A little after the composition of the Brotherhood,
the donations and benefactions of its members
increase in response to the aims of the Brotherhood.
The members trust possessions and property, precious objects
and money (sometimes extremely large amounts)
to the Brotherhood for the
promotion of its charitable activities.
The Archive of the Brotherhood included a code of
donations of the members (1563-1743) as well as a book
of contributions for providing doweries to the Greek girls (1598-1620),
amounts of money that were collected from irregular contributions
(luminarie) and from the inscription rights which constituted
the regular receipts of the Brotherhood.
The decoration of the church of the Brotherhood was made
mainly from donations of the Brotherhood members. The decoration
was based on the demands of the orthodox tradition with
mobile icons, mural paintings and mosaics.
Among those who worked for covering the walls of the church
with paintings was Michael Damaskinos while many Greek artists,
such as Marcus and Thomas Bathas, Ioannis Cyprios,
Emmanuel Tzanfournaris, Antonios Vasilakis the Aliense as well as
Domenikos Theotokopoulos were attracted
by the prosperity of Venice and settled in the city.
Apart from the painters, codifiers such as Ioannis Mauromatis,
Kornilios Mourmouris, Andreas Darmarios, and Antonios Episkopopoulos
work for the church decoration.
Moreover, eminent Greek preachers
offered their services to the church of Saint Georgios.
Venice was in the vanguard of the dissemination of the
humanities already from the late 15th and
early 16th century via the diffusion of the
Greek studies, the thriving of typography because of a
series of favourable laws, the spirit of liberalism
-patavitae liberta- and the policy of independence from the
papal court.
The tradition of participation of Greek scholars in the
publication of Greek books started with the complete
edition of the works of Plato (1513) and numerous
editiones principes of ancient Greek writers by Marcus Musurus;
These publications resulted from his cooperation with Aldus Manutius.
The interest and concern of Marcus Musurus for the
preservation of Greek manuscripts resulted in a
personal library of a great volume of Greek manuscripts.
This library will constitute the basis of the
Biblioteca Marciana of Venice on the donation of Marcus Musurus.
Nikolaos Vlastos and Zacharias Kallergis had already
founded a printing office in Venice since 1499.
Many scholars (Antonios Eparchos, Nikolaos Sophianos, Nikandros Noukios)
began publishing their original works
in the thriving period of typography while others,
mainly clergymen, were involved in the editing and critic publication
of liturgical books of the orthodox church (monthly editions,
schedules, books of psalms, etc.).
This kind of books along with the school manuals
(ecclesiastic books were the abc-books) and salutary books
were promoted to a wide range of regions in the Greek orthodox East.
On the other hand, there were various widely spread popular books
that were not written in Venice but were published
in printing offices founded in Venice by Greeks such as,
Nikolaos Sophianos, Andreas Kounadis, Ippolytos Varelis, Vergis, etc.

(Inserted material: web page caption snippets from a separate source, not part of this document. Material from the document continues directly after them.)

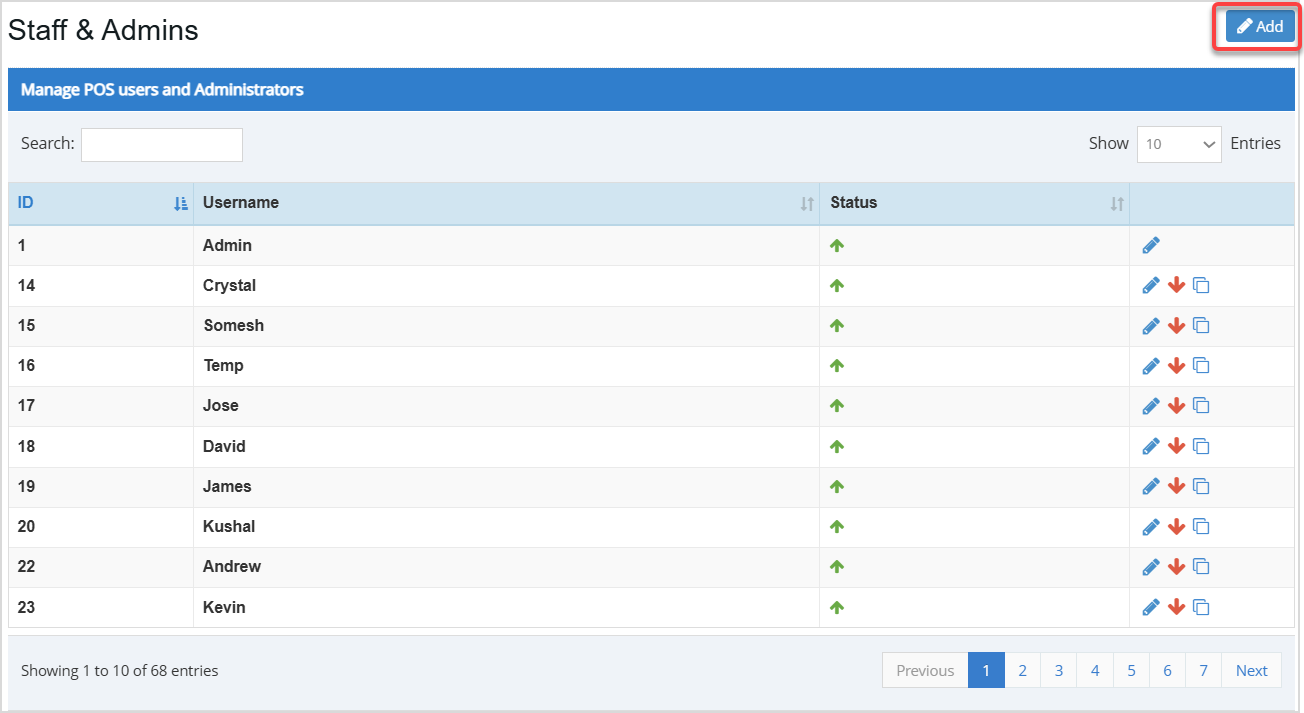 Image displaying the Staff & Admins page of the Bottle POS Admin, highlighting the Add button.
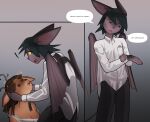 anotherpic anthro bat blood bodily_fluids dark_hair deer duo female hi_res leaf-nosed_bat male male/female mammal microbat simple_background speech_bubble stunned text vampire vampire_bat yangochiropteran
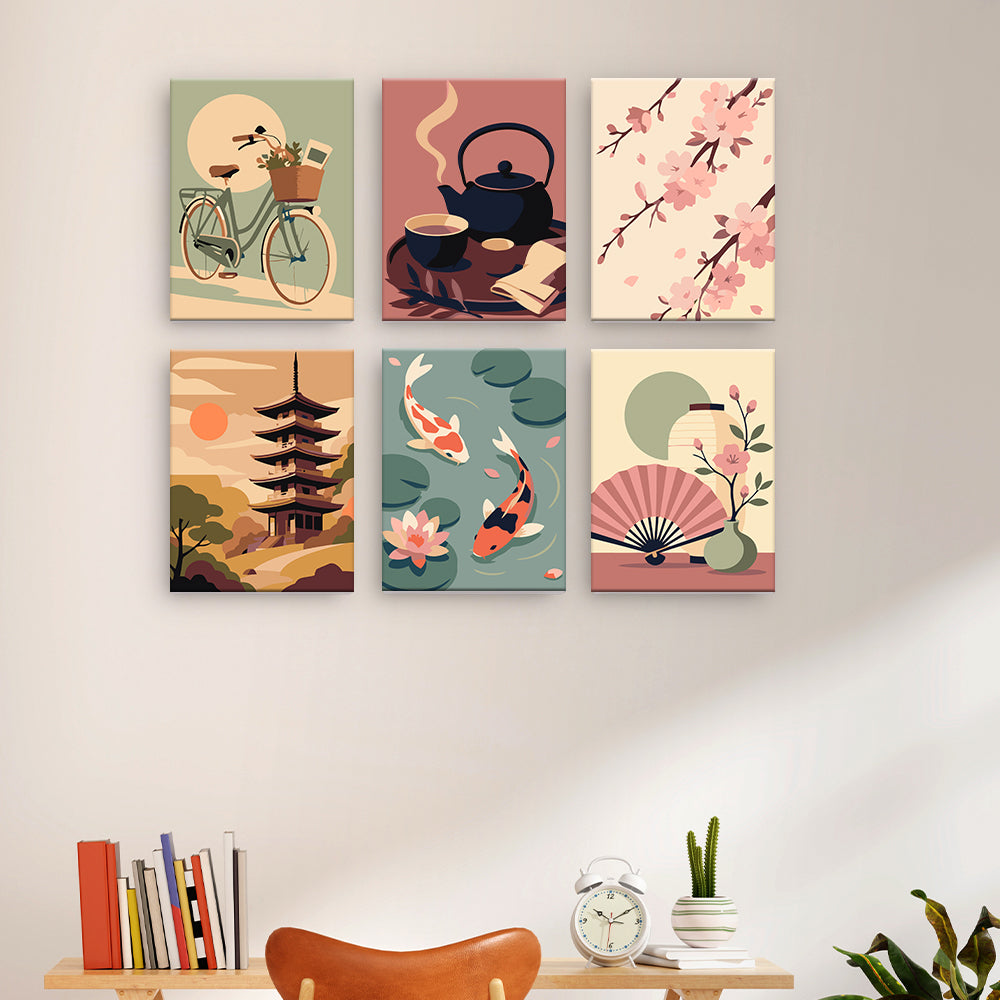 穏やかな日本の風景 - 数字塗り絵ミニアート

The printing activities will flourish in the 17th century with the
thrive of the Cretan literature and the production of numerous
Cretan books in Venetian printing offices and Greek publishing houses
such as those of Nikolaos Glykys (founded in 1670), Nikolaos Saros (1685)
and Dimitrios Theodosiou (1755).
As a product of consumption, the book
constituted at that time a marketable one
and was considered as a product of general trade.
The dispatch of books from Venice was formed according to
the existing demand in the regional areas.
The production centre did not control the distribution
of the publications.
The merchants or the traders of the regional areas would
ask their commission salesmen in Venice for the provision of
books for which they had found a buyer.
The job of a bookseller did not exist; not even in Venice.
Moreover, rarely would a merchant try to trade books
for which there were no certain buyers.
Venice was the centre of the largest production of
Greek scholar and popular publications
until it was supplanted by Vienna
at the end of the 18th century.
During the period 1711-1731,
according to the information of the archive of the
Melou commercial house, 2900 volumes of books
were exported from Venice only from the Melou commercial house.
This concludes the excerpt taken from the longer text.